Sunday, October 7, 2007

NIGHT FLASHES

The sci-fi horror of the rape rampage happening in Congo right now is unbelievable.

According to victims, one of the newest groups to emerge is called the Rastas, a mysterious gang of dreadlocked fugitives who live deep in the forest, wear shiny tracksuits and Los Angeles Lakers jerseys and are notorious for burning babies, kidnapping women and literally chopping up anybody who gets in their way.

United Nations officials said the so-called Rastas were once part of the Hutu militias who fled Rwanda after committing genocide there in 1994, but now it seems they have split off on their own and specialize in freelance cruelty.

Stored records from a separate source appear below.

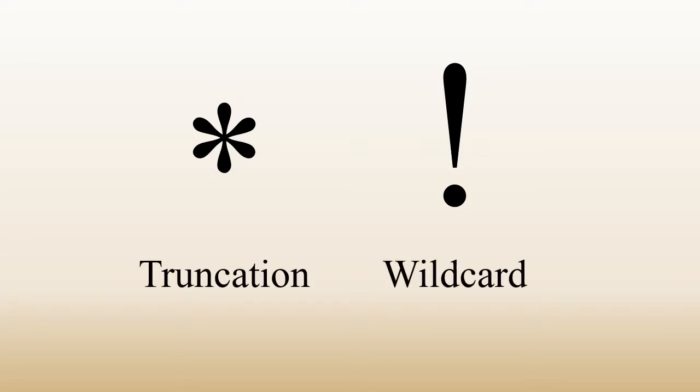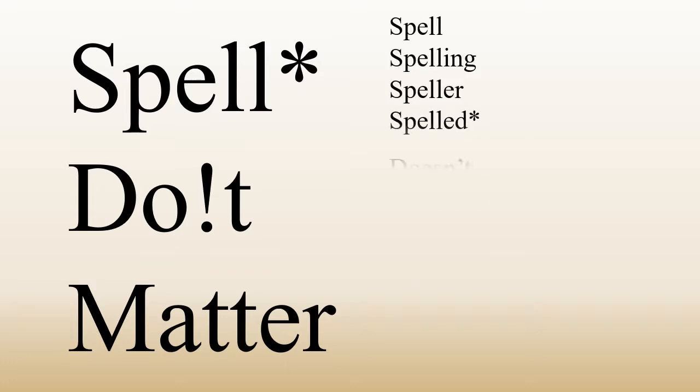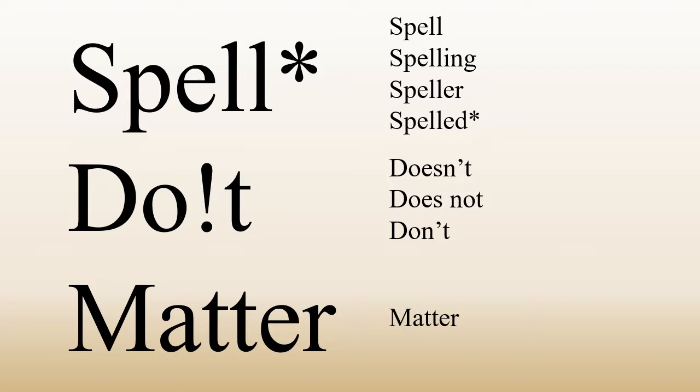If you are searching for a word that can end many different ways, or can be spelled in slightly different ways, truncation and wildcards may be helpful. These symbols tell the database that you don't care how something is spelled, either because there are multiple ways to spell the word correctly, or it can end in different ways.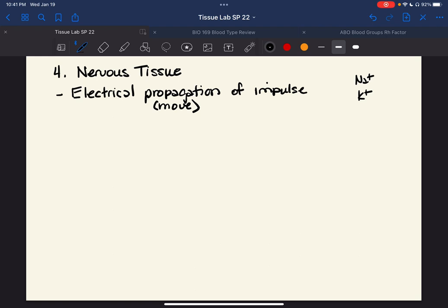You can flip the membrane charge around from negative to positive and back. You can think about it like a battery, which has a positive and a negative pole as well. We'll get into all that later, but for now it's good enough to know that nervous tissue is for the electrical movement of an impulse, or what we call an idea, until it becomes an action.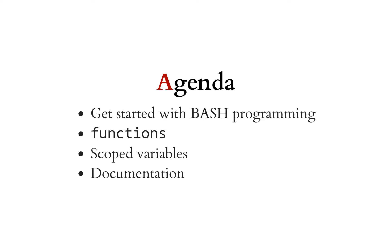The agenda today is to get started with bash programming and I'll take it nice and slow. We'll go through functions, scope variables and documentation, and then next time we'll talk about other interesting things.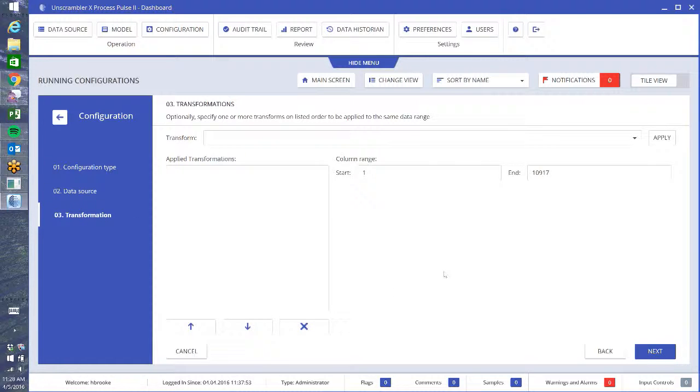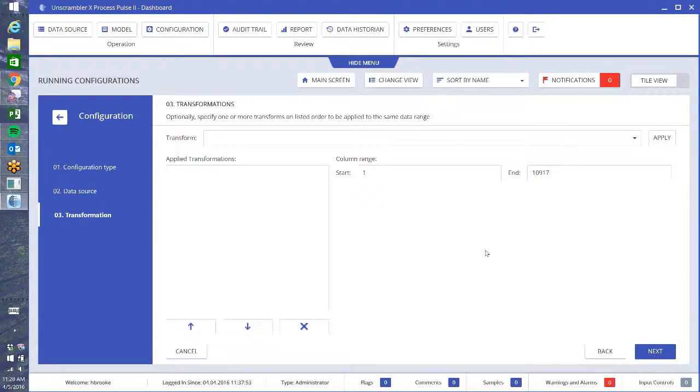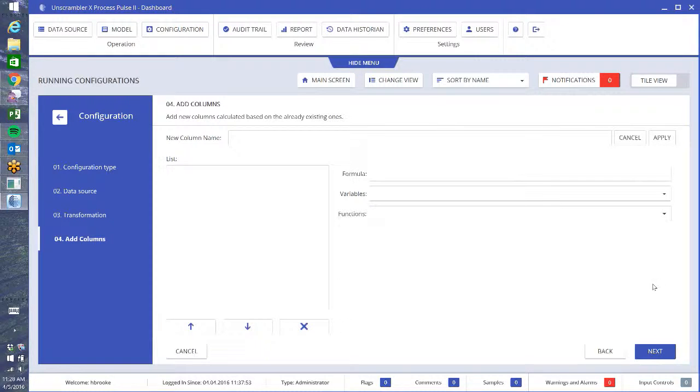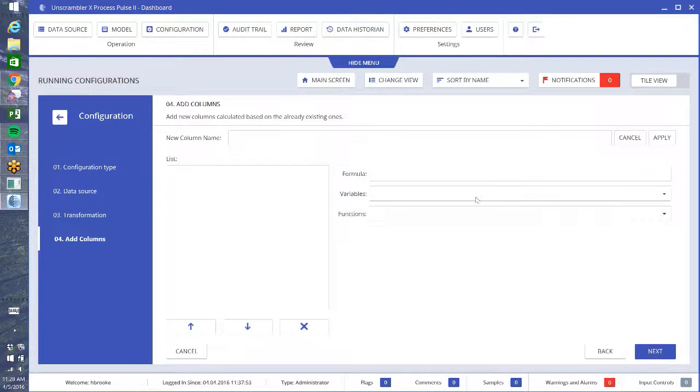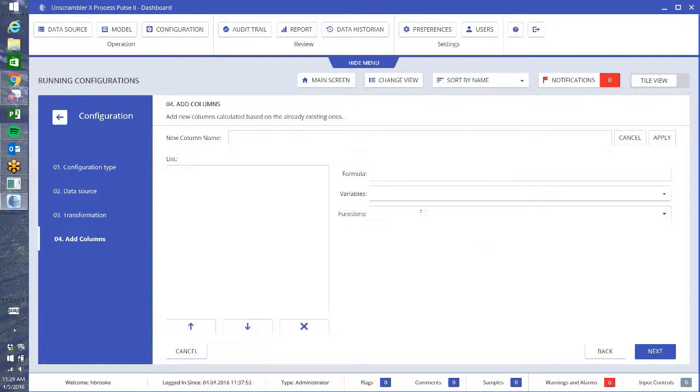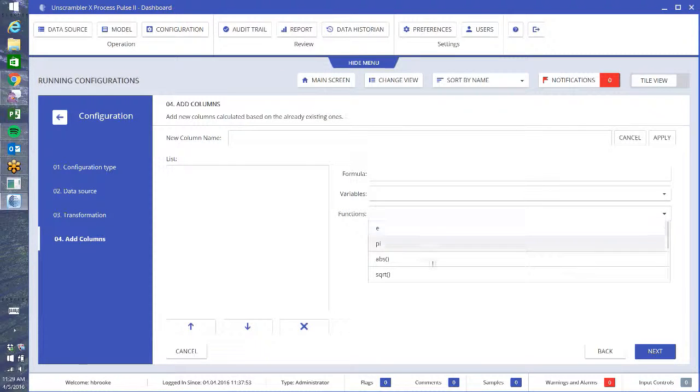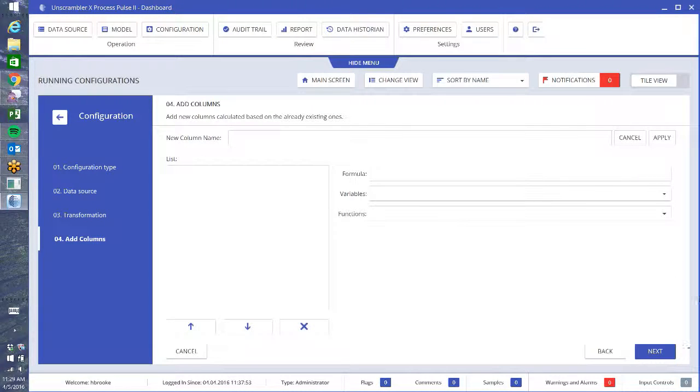Next, this is if you want to do any transformations that were already associated with the model. There's a drop down box and you have different ones that you can use like baseline, normalize, smoothing, very simple transforms. I'm not going to apply any and say next. I can create new columns as well based on formulas for my variables that are in my data source, and there are a number of different functions. You can build an equation with the different variables that are in that data source. I'm not going to do anything with that now and click next.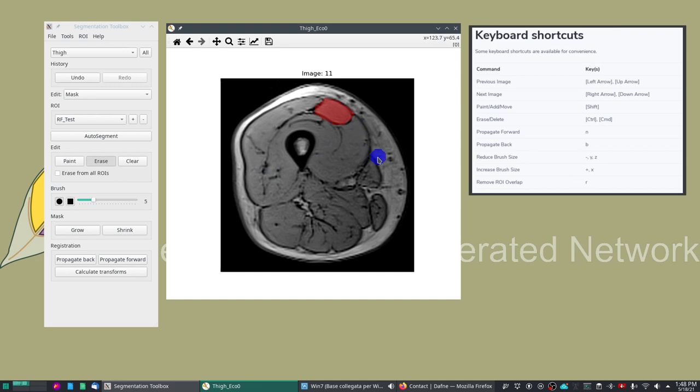The ideal format for this program is DICOM. It also supports enhanced DICOM as produced by Philips and it also supports of course numpy arrays.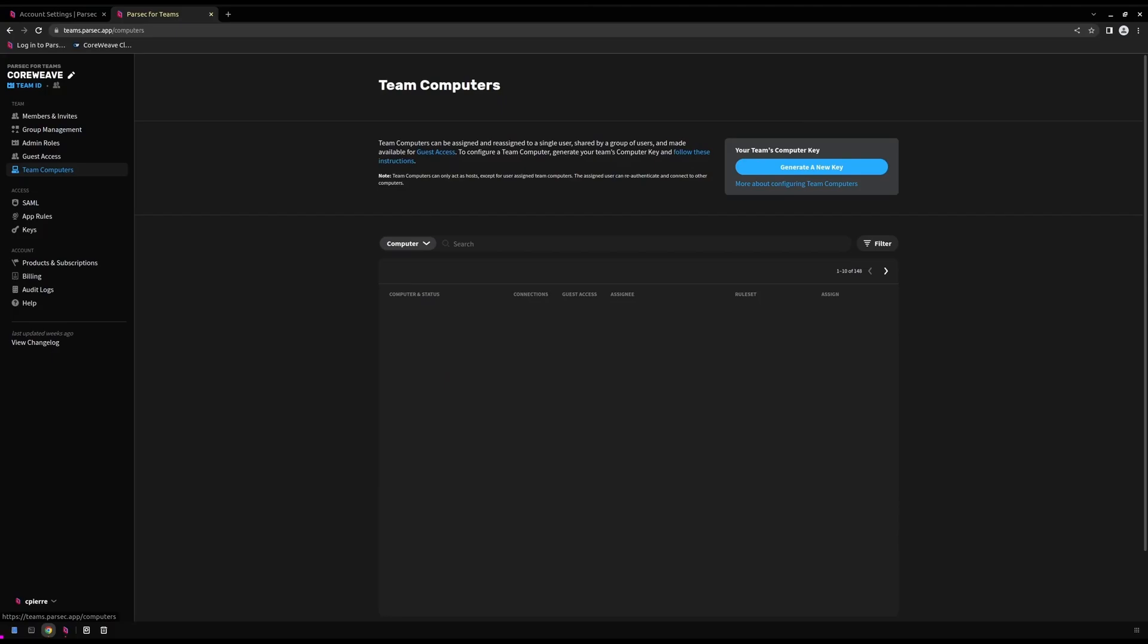The next item of information we'll need to grab is our Parsec Teams computer key. This can be generated by accessing the Teams computer tab on the left-hand side dashboard. Your Parsec Teams computer key is a unique identifier that will be used to authenticate new workstations to your Parsec Teams account. This key should be kept in a safe place. If your key is lost, you won't be able to access it from your Parsec Teams dashboard. You'll need to generate a new one, invalidating any previously generated keys.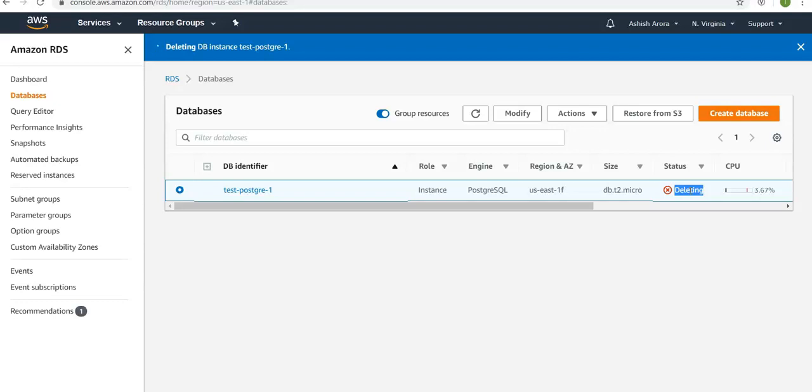See, that's how you create it, connect to it using PG Admin, and then that's how you delete it. Please do not forget to subscribe to my channel and I'll see you in the next video. Thank you.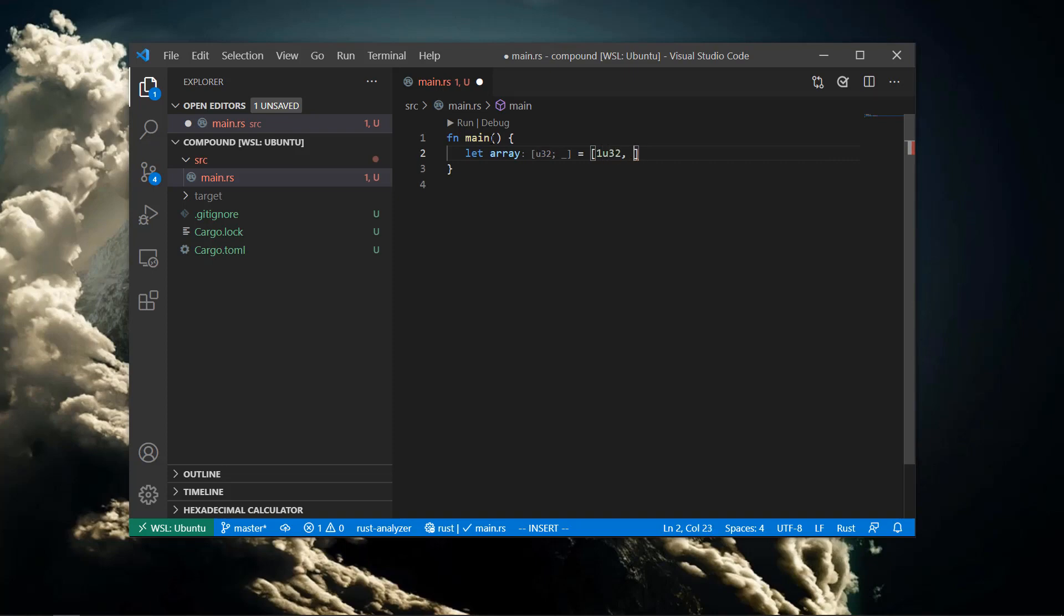If Rust can't infer the type for some reason, we can always add it explicitly ourselves. Notice that the length of the array is part of its type.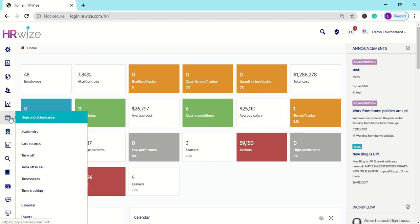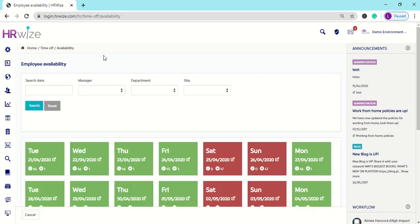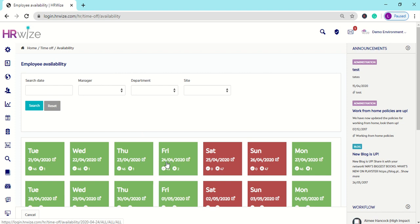Let's go to Time and Attendance and Availability. Here you will see an overview of the entire company's availabilities. Each tile represents a date showing the number of people available and the number of people unavailable.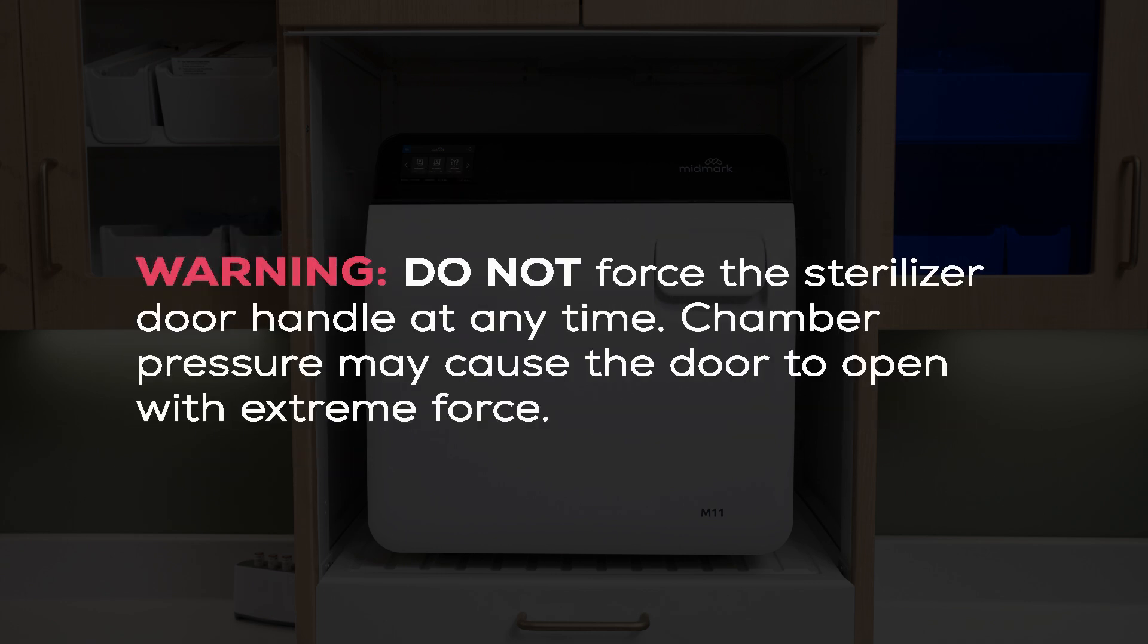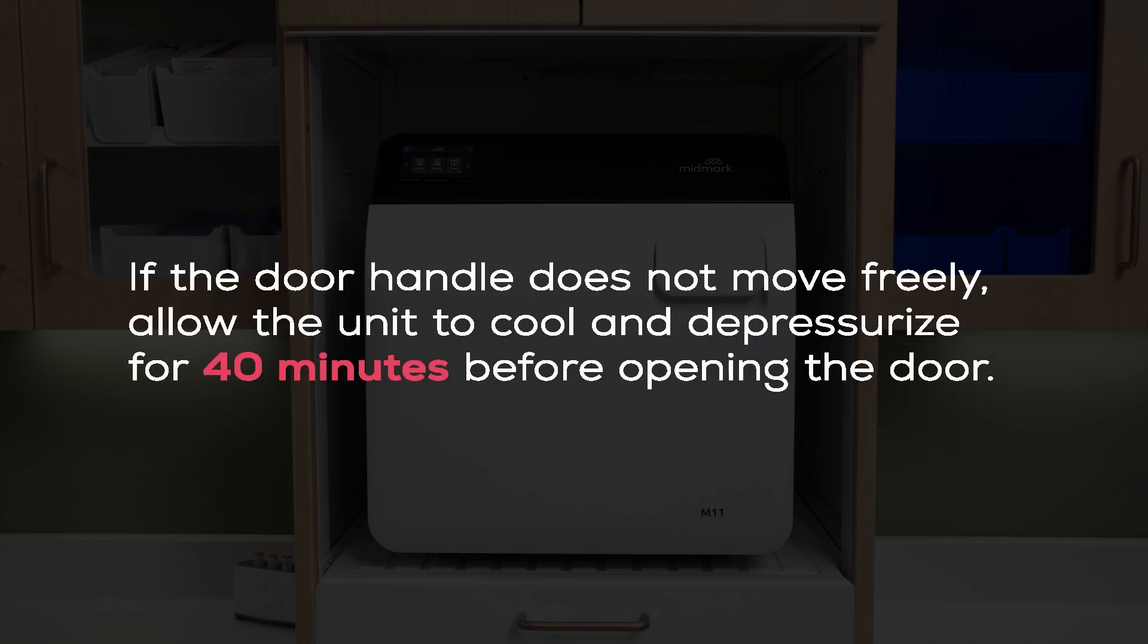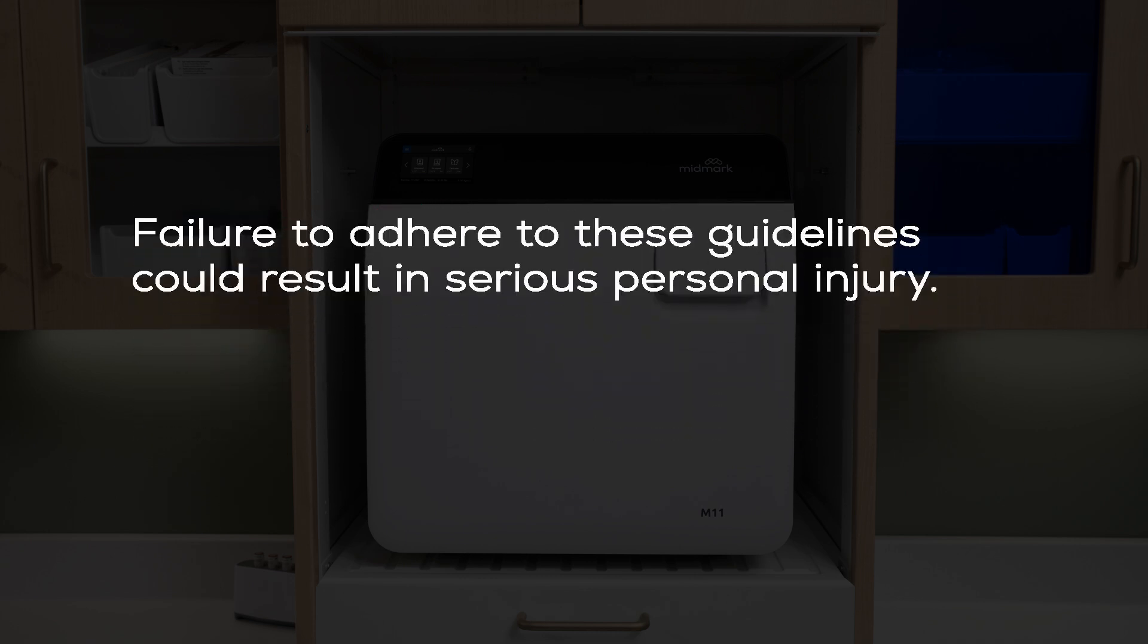Do not force the sterilizer door handle at any time. Chamber pressure may cause the door to open with extreme force. If the door handle does not move freely, allow the unit to cool and depressurize for 40 minutes before opening the door. Failure to adhere to these guidelines could result in serious personal injury.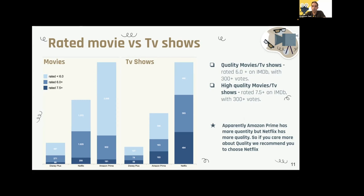In our data, Amazon Prime has more quantity, but Netflix has more quality. So if you care more about quality, we recommend you choose Netflix. Now for further information, I hand over to Gina.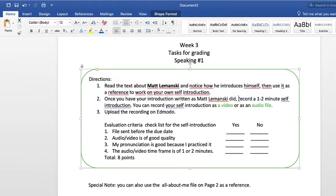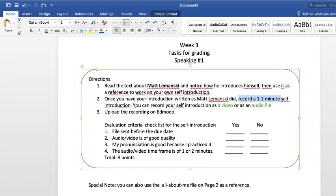You need to introduce yourself using what Matt Lemansky wrote in that writing. Once you have your introduction written, please record yourself. You need to record a one-minute or two-minute self-introduction — it doesn't have to be long, one to two minutes maximum. For this speaking activity, once you record yourself, I'm asking for two modalities: you can record yourself as a video if your internet is powerful enough to upload a video.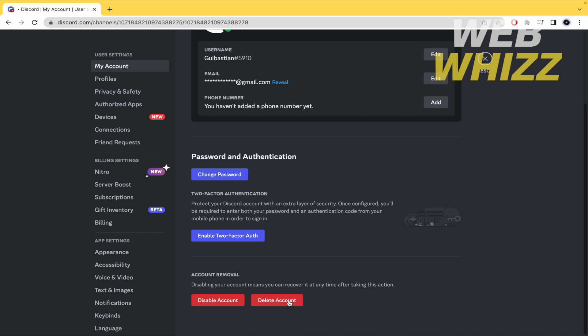So this is how you can transfer ownership on Discord in order to delete your account. Thanks for watching.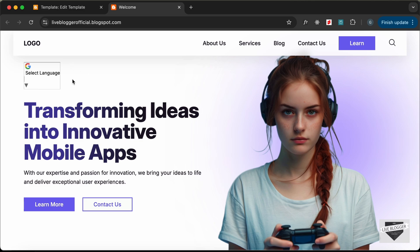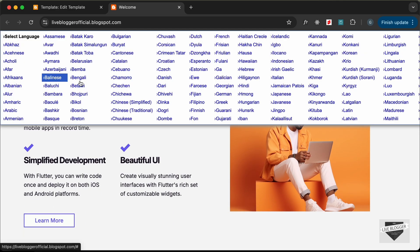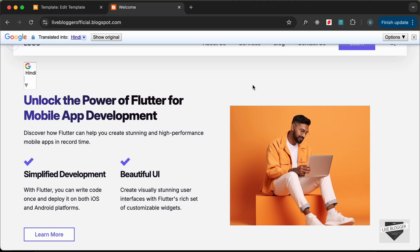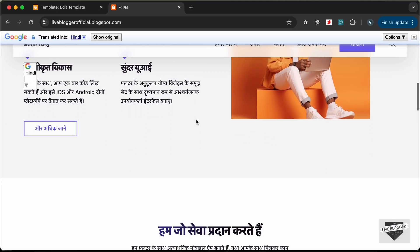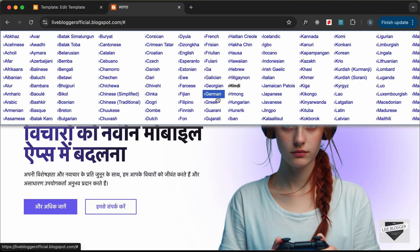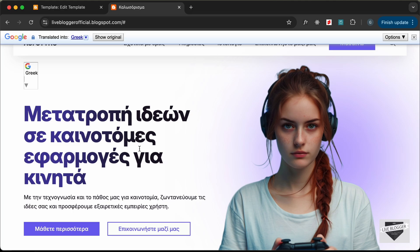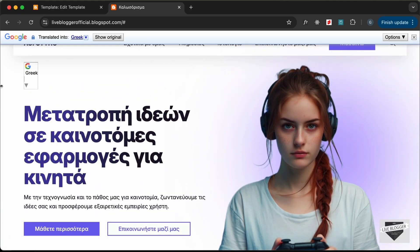Let's go back to our website and reload. Now we can see the Google Translate widget is displayed. We can select any language — let's click the arrow and select Hindi. The whole website has been translated into Hindi. Let's also try Greek — and we can see it's translated into Greek.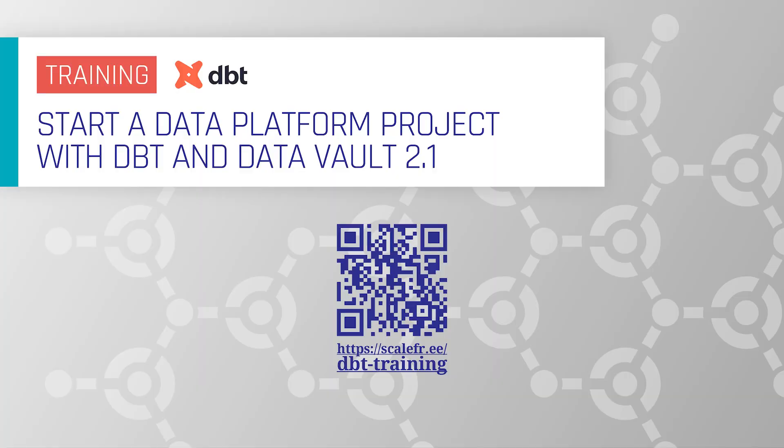To learn more about dbt and how it can be effectively used to create a data vault-driven data warehouse, check out our ultimate data warehousing training with dbt and Data Vault 2.1. Scan the QR code or just follow the link to get more details about the training.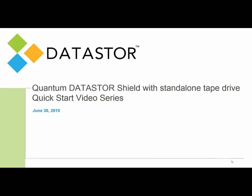Hello, this is Eric with Datastor. Thank you for joining the third Quick Start video in the series.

I had in my class this summer a 24-year-old woman from Congo, an amazing writer with shoulder-length braids and a mellifluous African-French accent, quiet in class (self-conscious about her English) but driven and outspoken outside of it. I learned at least as much from the essays she wrote as she did from anything I assigned. She managed to get out of her engagement at 15 to a much older man by stalling with education: she said she did not want to marry until she had finished her education, then proceeded to earn more and more scholarships and degrees until finally six years later the man gave up in exasperation. Now she has married for love, emigrated to Portland, and added English to her roster of fluency (five languages now).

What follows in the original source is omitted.